Today, we will be working with Taylor Series http://tutorial.math.lamar.edu/Classes/CalcII/TaylorSeries.aspx
The taylor series expansion is given by the following:
\[ f(x)=\sum _{ n=0 }^{ \infty }{ \frac { { f }^{ n }(a) }{ n! } (x-a)^{n} } \\ =f(a)+f'(a)(x-a)+\frac{f''(a)}{2!}(x-a)^{2}+\frac{f'''(a)}{2!}(x-a)^{3}+... \]
8.8.10 find a formula for the nth term of the Taylor series of f(x), centered at c, by finding the coefficients of the first few powers of x and looking for a pattern
By definition, we will be evaluating the Maclaurin series where a=0
\[ f(x)=ln(1+x)\\ c=0 \] We want to try and find the nth derivative by finding a few derivatives first and observing a pattern that may emerge
\[ f(x)=ln(1+x)\\ f'(x)=(x+1)^{-1}=\frac{1}{(x+1)}\\ f''(x)=-(x+1)^{-2}=-\frac{1}{(x+1)^{2}}\\ f'''(x)=2(x+1)^{-3}=\frac{2}{(x+1)^{3}}\\ f''''(x)=(2)(-3)(x+1)^{-4}=-\frac{(2)(3)}{(x+1)^{4}}\\ f'''''(x)=(2)(-3)(-4)(x+1)^{-5}=\frac{(2)(3)(4)}{(x+1)^{5}}\\ ...\\ ...\\ ...\\ f^{n}(x)=(-1)^{n}(n-1)!(x+1)^{-n}=(-1)^{n}\frac{(n-1)!}{(x+1)^{n}} \]
what is the value of our derivatives when x=0?

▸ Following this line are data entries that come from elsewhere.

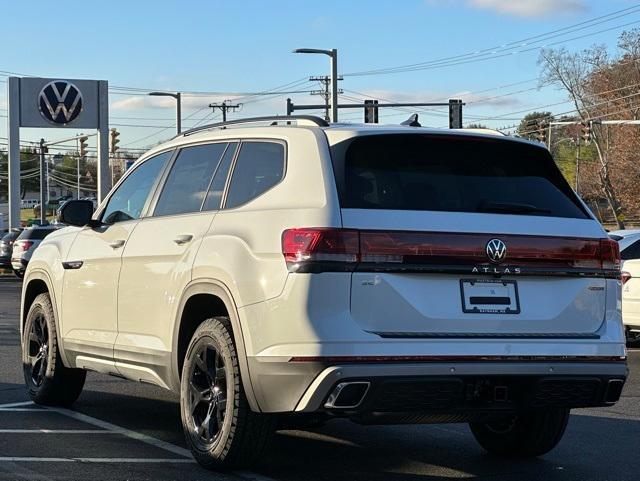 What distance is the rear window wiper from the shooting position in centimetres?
581

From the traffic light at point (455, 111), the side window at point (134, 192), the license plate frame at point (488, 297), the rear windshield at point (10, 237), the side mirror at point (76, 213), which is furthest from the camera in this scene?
the traffic light at point (455, 111)

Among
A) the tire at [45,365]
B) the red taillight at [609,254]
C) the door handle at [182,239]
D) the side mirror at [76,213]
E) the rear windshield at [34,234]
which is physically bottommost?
the tire at [45,365]

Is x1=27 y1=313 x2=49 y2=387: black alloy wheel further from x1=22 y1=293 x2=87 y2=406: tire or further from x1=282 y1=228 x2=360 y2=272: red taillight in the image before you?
x1=282 y1=228 x2=360 y2=272: red taillight

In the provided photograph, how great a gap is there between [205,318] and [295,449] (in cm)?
117

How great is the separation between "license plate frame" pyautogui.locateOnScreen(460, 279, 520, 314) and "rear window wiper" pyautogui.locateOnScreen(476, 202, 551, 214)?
16.0 inches

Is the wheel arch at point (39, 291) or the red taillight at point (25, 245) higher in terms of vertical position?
the wheel arch at point (39, 291)

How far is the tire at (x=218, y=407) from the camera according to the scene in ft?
19.0

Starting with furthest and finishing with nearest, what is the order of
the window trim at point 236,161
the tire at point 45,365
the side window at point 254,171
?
the tire at point 45,365, the side window at point 254,171, the window trim at point 236,161

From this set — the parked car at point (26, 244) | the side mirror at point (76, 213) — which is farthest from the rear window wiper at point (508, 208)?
the parked car at point (26, 244)

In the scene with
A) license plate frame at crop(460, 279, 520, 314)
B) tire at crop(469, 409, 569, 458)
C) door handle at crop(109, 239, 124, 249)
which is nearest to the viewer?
license plate frame at crop(460, 279, 520, 314)

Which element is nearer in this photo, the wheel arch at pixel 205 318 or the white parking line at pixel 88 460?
the wheel arch at pixel 205 318

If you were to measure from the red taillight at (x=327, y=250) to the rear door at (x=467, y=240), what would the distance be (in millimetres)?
52

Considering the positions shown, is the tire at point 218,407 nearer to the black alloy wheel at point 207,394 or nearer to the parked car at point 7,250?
the black alloy wheel at point 207,394

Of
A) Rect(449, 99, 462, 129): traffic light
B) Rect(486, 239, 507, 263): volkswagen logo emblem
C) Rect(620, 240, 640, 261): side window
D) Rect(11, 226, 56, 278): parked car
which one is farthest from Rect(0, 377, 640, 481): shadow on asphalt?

\[ f(0)=ln(1+x)=ln(1+0)=0\\ f'(0)=\frac{1}{(0+1)}=1\\ f''(0)=-\frac{1}{(0+1)^{2}}=-1\\ f'''(0)=\frac{2}{(0+1)^{3}}=2\\ f''''(0)=-\frac{(2)(3)}{(0+1)^{4}}=-(2)(3)\\ f'''''(0)=\frac{(2)(3)(4)}{(x+1)^{5}}=(2)(3)(4)\\ ...\\ ...\\ ...\\ f^{n}(0)=(-1)^{n}\frac{(n-1)!}{(0+1)^{n}}=(-1)^{n}(n-1)! \]
Lets compute our nth Taylor Series
\[ T(x)=f(x)=\sum _{ n=0 }^{ \infty }{ \frac { { f }^{ n }(a) }{ n! } (x-a)^{n} }\\ =\sum _{ n=0 }^{ \infty }{ \frac { (-1)^{n}(n-1)! }{ n! } (x)^{n} }\\ =\sum _{ n=0 }^{ \infty }{ \frac { (-1)^{n}(n-1)! }{ n(n-1)! } (x)^{n} }\\ =\sum _{ n=0 }^{ \infty } (-1)^{n} \frac{x^{n}}{n} \]